Understanding the Characteristics of Crowd
Crowds tend to spring up when individuals who happen to be located in the same general vicinity share a common experience. Variously labeled street crowds or public crowds, these groups form in public or semipublic places and are made up of people who are strangers to one another—except for the clusters of intact groups that they enfold.
A crowd is a gathering of people who are in the same place (usually in public) sharing a common purpose or reason for being in that place and influence one another.
Audiences watching a film or students agitating for university reforms are both examples of a crowd. While the former is often called a passive crowd, the latter is an example of an active crowd.
There is a fine line in labeling a group of people as a crowd.
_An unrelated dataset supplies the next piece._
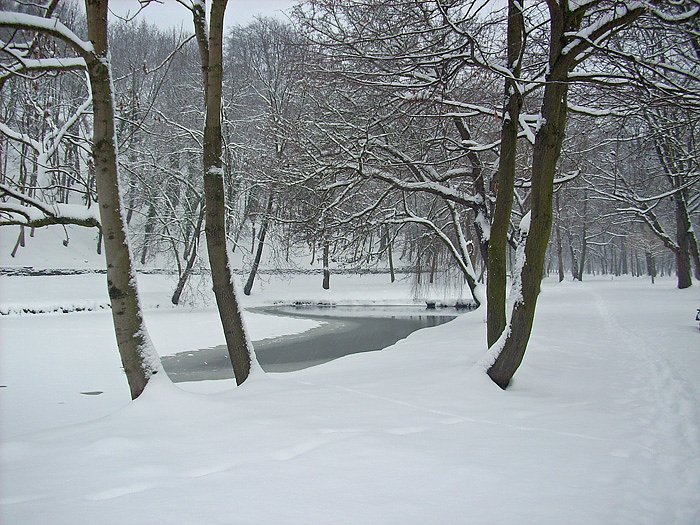 Bild: Parkteich Sondershausen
It takes a specific event, occurrence, or action on the part of a person or people to turn a group of people into a crowd. Individuals who are sitting on benches in a park, walking along a city sidewalk, or waiting for a bus may all occupy a common location, but they do not become a crowd unless something happens—a fire, a car collision, or street performance, for example—to create a common focus of attention (Milgram & Toch, 1969).
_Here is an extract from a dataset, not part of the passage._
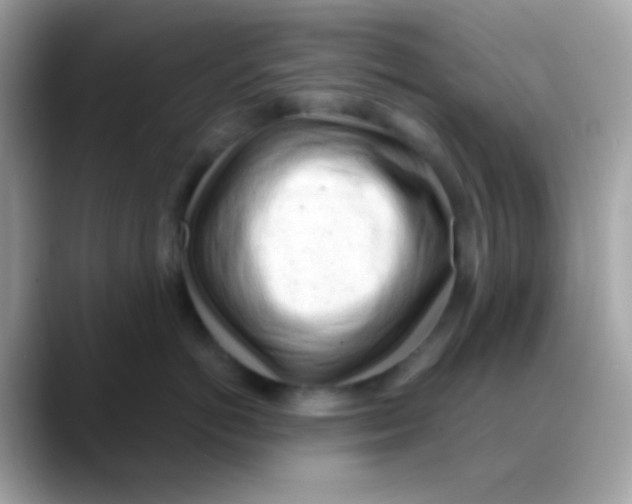 X0000088040766200706011324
There needs to be a focal point or some reason to draw people together; otherwise, those people are not really a crowd. For example, people who are at the beach on a hot summer day are not considered a crowd. However, if a suntan-lotion company arrives at the beach and starts giving away free bottles of lotion, a crowd may form.
Types of Crowds
In his elaborate study of crowd, Herbert Blumer identified four types of crowds:
1. Casual crowd
A loosely organized collection of people with no real interaction. For example, a crowd of people waiting to board a bus, as well as, people at the mall.
2. Conventional crowd
A more strongly organized crowd like spectators watching a cricket match who follow certain norms, or a community meeting organized by political leaders.
3. Expressive crowd
A crowd at an emotionally charged event. For example, a political rally or soccer game in Europe or Latin America.
4. Acting crowd
A crowd intent on accomplishing something and is often violent and angry. For example, fans rushing a stage during or after a concert.
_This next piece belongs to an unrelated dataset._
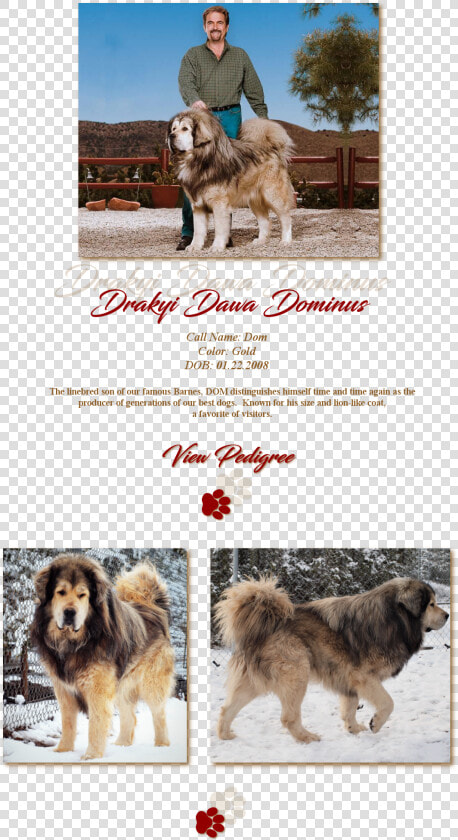 Drakyi Dawa Dominus   Ancient Dog Breeds  HD Png DownloadTransparent PNG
When crowd behavior is directed toward a specific, violent end, the result is a mob. Mobs tend to be highly emotional. Examples of mob violence include the lynchings of the Southern U.S. during the 19th and 20th centuries. Violent crowd behavior without a specific goal is a riot. Because riots do not have a specific end, it is assumed that their intention is to express general dissatisfaction.
Characteristics of Crowds
Crowds are one form of collectives. Although social scientists differ in their conceptions of crowds, but most agree that crowds share several characteristics.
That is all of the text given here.